Kixiron / lasso

A fast, concurrent string interner
Apache License 2.0
139 stars 19 forks source link

Allocation failures due to enormous (many TB) allocation attempts #48

Open saethlin opened 5 months ago

saethlin commented 5 months ago

We've been using ThreadedRodeo in production for a while to implement a global string interner. For the most part it works great, but recently when we increased the concurrency of our workload from 10 CPUs to 64 CPUs we started seeing sporadic allocation failures, due to attempts to mmap between 2 TB and a few PB. And even when there isn't a crash, we had absurdly high virtual memory usage, commonly 50 GB of resident set size would come with 2 TB virtual memory usage.
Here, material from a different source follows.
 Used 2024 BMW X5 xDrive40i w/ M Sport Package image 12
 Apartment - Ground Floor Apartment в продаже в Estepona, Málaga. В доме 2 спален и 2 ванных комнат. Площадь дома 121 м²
I believe the root cause is that lasso is missing some synchronization in its lockfree allocation strategy. Or alternatively, that the entire design of this lockfree allocation is not viable. The memory for ThreadedRodeo strings in the 0.7 release series is allocated in a lock-free strategy using a linked list of AtomicBucket. This is the responsible code: https://github.com/Kixiron/lasso/blob/aed4fb5f30f53d43a7f5b0b5b83777ff315fa207/src/arenas/lockfree.rs#L174-L190

The ideal behavior of this data structure is for one thread to get here at a time, double the capacity, then stick its allocated slab onto the linked list. But if many threads race to this point in the code, they will not realize that there is another thread allocating (that's the whole point!) and they will double the size in sequence and allocate that doubled size.

If 64 threads race on this code in perfect synchrony, this would attempt to allocate more than the entire address space.

We've worked around this for now by forking lasso and back-porting some changes from 0.7.2 onto 0.6.0.